----- Recorded data
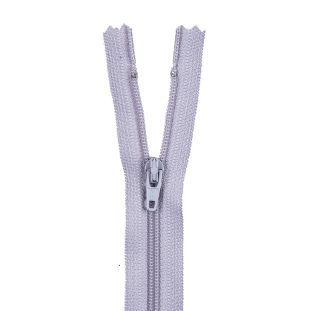 154 Pale Gray2 9 Regular Zipper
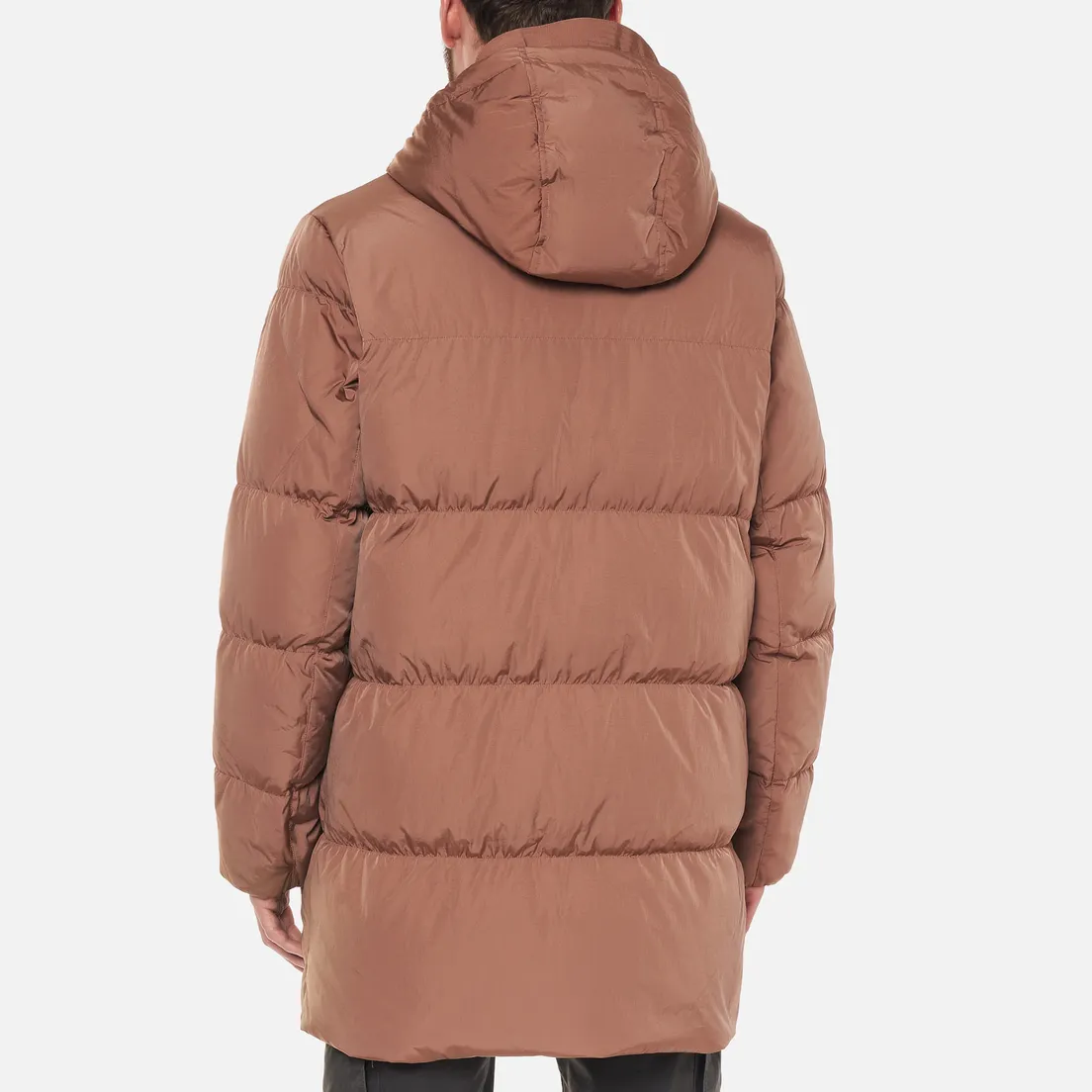 Jordan Мужской пуховик Essentials Statement Down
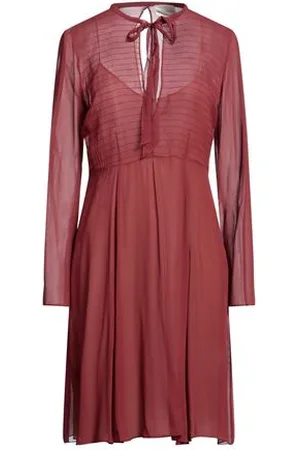 FORTE FORTE VESTIDOS - Vestidos midi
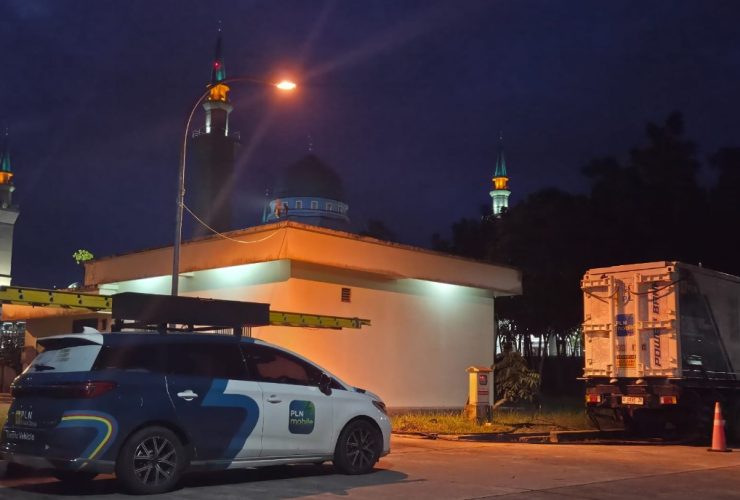 PLN Pastikan Listrik Andal Saat Lebaran, 1.210 Personel Siaga di Kaltim dan Kaltara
----------
[Try it]:
Lines before the one containing "FORTE FORTE VESTIDOS - Vestidos midi" are not wanted; write out that line and every later line through the end of the data above, exactly, without pictures.

[Answer section]:
 FORTE FORTE VESTIDOS - Vestidos midi
 PLN Pastikan Listrik Andal Saat Lebaran, 1.210 Personel Siaga di Kaltim dan Kaltara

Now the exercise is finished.